So here's MT's annual selective list of cool off-site parties and other events worth seeking out. Newcomers to the festival or to Detroit should take note that mass transit improvements are on the way ... but likely won't get here until 2015 or so. That doesn't help you get around from the riverfront to your club or gallery destination in Corktown or Midtown in 2010, though. In other words, cars are pretty essential here, although you might think about renting a bicycle at Wheelhouse Detroit (wheelhousedetroit.com, 1340 Atwater St., just east of the Renaissance Center) for casual touring around downtown.

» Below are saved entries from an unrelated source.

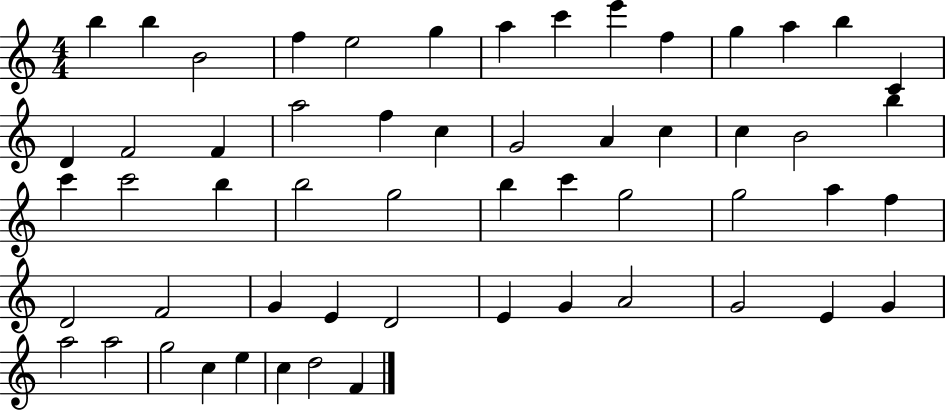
X:1
T:Untitled
M:4/4
L:1/4
K:C
b b B2 f e2 g a c' e' f g a b C D F2 F a2 f c G2 A c c B2 b c' c'2 b b2 g2 b c' g2 g2 a f D2 F2 G E D2 E G A2 G2 E G a2 a2 g2 c e c d2 F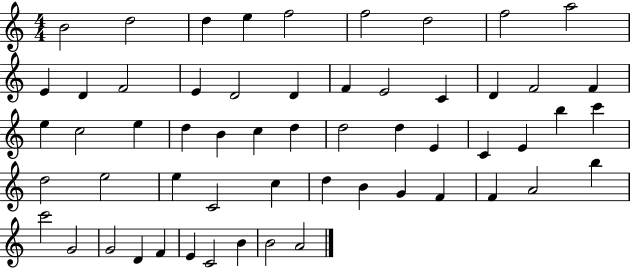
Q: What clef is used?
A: treble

The best place to start off techno weekend proper is ... at the movies! Say what? That's right, chief. You may want to start queuing up now for a program that includes Fritz Lang's Metropolis (with pre-recorded soundtrack by Jeff Mills); Timeless Suite for Ma Dukes (featuring the music of Detroit's late, great James "J Dilla" Yancey); and The Drive Home: The Story of the Detroit Electronic Music Festival, the latter produced by Detroit's Pilot Pictures and Hogpath. If that weren't enough, there will also be a live performance by UR's Timeline, featuring Mike Banks. Whoa! And it's all free. The whole thing is titled "2010: A Detroit Odyssey" and it's brought to you courtesy of Planet E, the Carl Craig Foundation and newly formed Detroit Techno Foundation. Friday, May 28, at the Music Hall, 350 Madison Street, Detroit. It starts at 7 p.m. and goes until midnight.
From there you can just walk over to Yel3, the site of the official Movement pre-party, featuring Speedy J doing a hair-raising five-hour set in the main room; the second floor provides escape and comfort via Matthew Hawtin's ambient waveforms, while Ann Arbor-based Spectral Sound holds down the club known as the Shelter in the basement for its 10-year anniversary shebang. Expect a lunatic fringe led by Matthew Dear, Ryan Elliott, Seth Troxler, Lee Curtiss (live) and Birds & Souls (also live) to rule by force. St. Andrew's Hall is at 431 E. Congress St., Detroit; $10.
Two more Friday parties have world-class pedigree: Baretta Music presents a rare local appearance by Conant Gardens' funky house minimalist, Omar S. Also on hand: Reference (Luke Hess and Brian Kage), Arthur Oskan, Keith Kemp, Kevin Reynolds and more at 10 Critics, 1400 Porter St., Detroit; $10. And Chicago's Smart Bar sneaks into town to bring Berlin's Ellen Allien, along with special guests Stimming (live), Patrick Russell, Aran Daniels and Nate Manic to the Majestic Theatre, 4120 Woodward Ave., Detroit; $20.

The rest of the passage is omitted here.